- **SUPPLIED MATERIAL**
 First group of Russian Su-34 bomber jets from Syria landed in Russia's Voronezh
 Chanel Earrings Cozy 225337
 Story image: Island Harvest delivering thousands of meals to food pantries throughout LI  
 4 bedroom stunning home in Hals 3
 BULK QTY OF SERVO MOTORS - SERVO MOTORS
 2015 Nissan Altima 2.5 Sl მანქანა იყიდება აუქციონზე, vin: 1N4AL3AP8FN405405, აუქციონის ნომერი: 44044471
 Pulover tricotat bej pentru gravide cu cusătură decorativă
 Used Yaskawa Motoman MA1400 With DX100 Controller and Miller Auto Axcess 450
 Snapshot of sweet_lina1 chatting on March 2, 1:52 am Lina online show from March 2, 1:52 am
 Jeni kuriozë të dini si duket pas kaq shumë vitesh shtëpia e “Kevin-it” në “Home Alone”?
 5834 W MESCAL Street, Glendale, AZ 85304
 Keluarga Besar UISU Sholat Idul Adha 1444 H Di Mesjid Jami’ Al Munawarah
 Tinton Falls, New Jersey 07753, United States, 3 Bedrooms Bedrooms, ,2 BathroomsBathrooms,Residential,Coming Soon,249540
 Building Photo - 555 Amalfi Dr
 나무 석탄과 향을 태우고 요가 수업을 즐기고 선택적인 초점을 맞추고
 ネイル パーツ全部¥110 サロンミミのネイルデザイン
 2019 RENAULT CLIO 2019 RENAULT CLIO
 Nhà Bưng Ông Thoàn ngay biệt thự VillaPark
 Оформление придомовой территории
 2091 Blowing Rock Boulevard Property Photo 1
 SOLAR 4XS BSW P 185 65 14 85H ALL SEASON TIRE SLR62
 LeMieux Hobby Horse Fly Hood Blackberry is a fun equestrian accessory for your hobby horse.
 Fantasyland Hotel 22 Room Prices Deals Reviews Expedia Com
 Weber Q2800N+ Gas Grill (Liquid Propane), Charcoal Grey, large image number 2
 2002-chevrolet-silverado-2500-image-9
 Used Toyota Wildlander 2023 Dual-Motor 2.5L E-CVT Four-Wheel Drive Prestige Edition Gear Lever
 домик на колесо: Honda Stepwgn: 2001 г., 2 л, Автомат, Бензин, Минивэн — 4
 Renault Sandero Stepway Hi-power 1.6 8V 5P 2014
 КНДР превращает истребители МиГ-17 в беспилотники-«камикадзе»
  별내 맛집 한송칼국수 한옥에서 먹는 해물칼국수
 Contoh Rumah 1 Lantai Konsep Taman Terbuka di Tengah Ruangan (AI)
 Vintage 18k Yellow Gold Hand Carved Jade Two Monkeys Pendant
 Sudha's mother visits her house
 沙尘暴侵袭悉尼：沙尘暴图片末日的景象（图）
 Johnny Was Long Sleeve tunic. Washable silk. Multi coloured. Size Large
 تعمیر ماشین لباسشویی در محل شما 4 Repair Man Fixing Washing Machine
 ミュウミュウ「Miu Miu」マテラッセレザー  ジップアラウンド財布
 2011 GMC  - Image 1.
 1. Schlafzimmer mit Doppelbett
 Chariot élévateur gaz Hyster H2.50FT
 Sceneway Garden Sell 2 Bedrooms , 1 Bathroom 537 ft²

- **WORK ORDER**
Line by line, reproduce the material exactly.

- **SOLUTION FOR THIS PROBLEM**
 First group of Russian Su-34 bomber jets from Syria landed in Russia's Voronezh
 Chanel Earrings Cozy 225337
 Story image: Island Harvest delivering thousands of meals to food pantries throughout LI  
 4 bedroom stunning home in Hals 3
 BULK QTY OF SERVO MOTORS - SERVO MOTORS
 2015 Nissan Altima 2.5 Sl მანქანა იყიდება აუქციონზე, vin: 1N4AL3AP8FN405405, აუქციონის ნომერი: 44044471
 Pulover tricotat bej pentru gravide cu cusătură decorativă
 Used Yaskawa Motoman MA1400 With DX100 Controller and Miller Auto Axcess 450
 Snapshot of sweet_lina1 chatting on March 2, 1:52 am Lina online show from March 2, 1:52 am
 Jeni kuriozë të dini si duket pas kaq shumë vitesh shtëpia e “Kevin-it” në “Home Alone”?
 5834 W MESCAL Street, Glendale, AZ 85304
 Keluarga Besar UISU Sholat Idul Adha 1444 H Di Mesjid Jami’ Al Munawarah
 Tinton Falls, New Jersey 07753, United States, 3 Bedrooms Bedrooms, ,2 BathroomsBathrooms,Residential,Coming Soon,249540
 Building Photo - 555 Amalfi Dr
 나무 석탄과 향을 태우고 요가 수업을 즐기고 선택적인 초점을 맞추고
 ネイル パーツ全部¥110 サロンミミのネイルデザイン
 2019 RENAULT CLIO 2019 RENAULT CLIO
 Nhà Bưng Ông Thoàn ngay biệt thự VillaPark
 Оформление придомовой территории
 2091 Blowing Rock Boulevard Property Photo 1
 SOLAR 4XS BSW P 185 65 14 85H ALL SEASON TIRE SLR62
 LeMieux Hobby Horse Fly Hood Blackberry is a fun equestrian accessory for your hobby horse.
 Fantasyland Hotel 22 Room Prices Deals Reviews Expedia Com
 Weber Q2800N+ Gas Grill (Liquid Propane), Charcoal Grey, large image number 2
 2002-chevrolet-silverado-2500-image-9
 Used Toyota Wildlander 2023 Dual-Motor 2.5L E-CVT Four-Wheel Drive Prestige Edition Gear Lever
 домик на колесо: Honda Stepwgn: 2001 г., 2 л, Автомат, Бензин, Минивэн — 4
 Renault Sandero Stepway Hi-power 1.6 8V 5P 2014
 КНДР превращает истребители МиГ-17 в беспилотники-«камикадзе»
  별내 맛집 한송칼국수 한옥에서 먹는 해물칼국수
 Contoh Rumah 1 Lantai Konsep Taman Terbuka di Tengah Ruangan (AI)
 Vintage 18k Yellow Gold Hand Carved Jade Two Monkeys Pendant
 Sudha's mother visits her house
 沙尘暴侵袭悉尼：沙尘暴图片末日的景象（图）
 Johnny Was Long Sleeve tunic. Washable silk. Multi coloured. Size Large
 تعمیر ماشین لباسشویی در محل شما 4 Repair Man Fixing Washing Machine
 ミュウミュウ「Miu Miu」マテラッセレザー  ジップアラウンド財布
 2011 GMC  - Image 1.
 1. Schlafzimmer mit Doppelbett
 Chariot élévateur gaz Hyster H2.50FT
 Sceneway Garden Sell 2 Bedrooms , 1 Bathroom 537 ft²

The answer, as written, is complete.